▶ **Saved data entries**:
-------------------------

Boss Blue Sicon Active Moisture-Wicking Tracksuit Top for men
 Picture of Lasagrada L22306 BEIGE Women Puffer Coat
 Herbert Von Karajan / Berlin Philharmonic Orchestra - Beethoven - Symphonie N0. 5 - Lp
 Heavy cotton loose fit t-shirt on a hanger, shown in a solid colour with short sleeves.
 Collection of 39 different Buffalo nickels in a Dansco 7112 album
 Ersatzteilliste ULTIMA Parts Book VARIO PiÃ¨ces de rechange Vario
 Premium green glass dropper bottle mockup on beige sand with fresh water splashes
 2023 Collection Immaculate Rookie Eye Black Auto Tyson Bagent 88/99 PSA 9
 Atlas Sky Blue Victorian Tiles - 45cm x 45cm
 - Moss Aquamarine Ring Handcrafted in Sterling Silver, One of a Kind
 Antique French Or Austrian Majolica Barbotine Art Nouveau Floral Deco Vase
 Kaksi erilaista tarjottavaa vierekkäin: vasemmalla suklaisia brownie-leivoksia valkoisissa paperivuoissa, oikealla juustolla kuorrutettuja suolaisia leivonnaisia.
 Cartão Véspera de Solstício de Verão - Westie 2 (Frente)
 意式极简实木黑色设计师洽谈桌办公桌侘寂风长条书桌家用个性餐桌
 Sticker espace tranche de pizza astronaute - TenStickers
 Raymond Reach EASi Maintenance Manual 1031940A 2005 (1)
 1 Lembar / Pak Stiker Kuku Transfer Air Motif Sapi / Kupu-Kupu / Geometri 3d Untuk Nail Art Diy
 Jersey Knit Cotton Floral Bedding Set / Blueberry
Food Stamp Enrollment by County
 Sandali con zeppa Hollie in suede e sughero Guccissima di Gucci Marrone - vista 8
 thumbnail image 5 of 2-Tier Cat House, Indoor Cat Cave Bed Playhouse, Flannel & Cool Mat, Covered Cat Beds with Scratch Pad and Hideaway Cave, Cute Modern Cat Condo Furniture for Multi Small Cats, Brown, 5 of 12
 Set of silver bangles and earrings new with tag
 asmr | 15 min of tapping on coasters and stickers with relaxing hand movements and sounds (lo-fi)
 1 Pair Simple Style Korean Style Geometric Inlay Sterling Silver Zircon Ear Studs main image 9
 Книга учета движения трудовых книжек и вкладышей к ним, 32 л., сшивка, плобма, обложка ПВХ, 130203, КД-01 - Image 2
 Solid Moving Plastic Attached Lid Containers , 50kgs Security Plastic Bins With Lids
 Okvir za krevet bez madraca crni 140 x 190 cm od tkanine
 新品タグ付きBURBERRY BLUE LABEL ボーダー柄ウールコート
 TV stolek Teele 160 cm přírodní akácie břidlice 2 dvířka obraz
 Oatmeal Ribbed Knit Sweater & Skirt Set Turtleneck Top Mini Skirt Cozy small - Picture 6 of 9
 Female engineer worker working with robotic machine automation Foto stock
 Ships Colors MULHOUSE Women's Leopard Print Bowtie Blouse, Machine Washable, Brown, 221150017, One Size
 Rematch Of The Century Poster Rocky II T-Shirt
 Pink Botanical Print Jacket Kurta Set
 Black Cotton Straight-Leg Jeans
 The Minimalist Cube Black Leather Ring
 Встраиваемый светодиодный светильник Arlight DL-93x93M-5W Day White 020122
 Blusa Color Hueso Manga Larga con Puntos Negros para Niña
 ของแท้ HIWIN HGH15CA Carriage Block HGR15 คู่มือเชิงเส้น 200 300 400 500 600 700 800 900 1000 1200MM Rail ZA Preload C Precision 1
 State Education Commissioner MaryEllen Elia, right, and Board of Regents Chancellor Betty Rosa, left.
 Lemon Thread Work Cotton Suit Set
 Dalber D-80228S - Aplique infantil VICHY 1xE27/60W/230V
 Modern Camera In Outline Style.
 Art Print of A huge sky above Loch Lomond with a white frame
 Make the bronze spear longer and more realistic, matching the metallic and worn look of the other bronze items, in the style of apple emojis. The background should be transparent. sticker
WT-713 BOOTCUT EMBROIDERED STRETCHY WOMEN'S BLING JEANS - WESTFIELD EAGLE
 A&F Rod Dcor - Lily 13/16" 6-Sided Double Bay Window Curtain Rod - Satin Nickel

-------------------------

▶ **Exercise directions**: Report how many lines in the entries hold the string "Sterling". Nothing but the number is wanted.

▶ **Task answer**: 2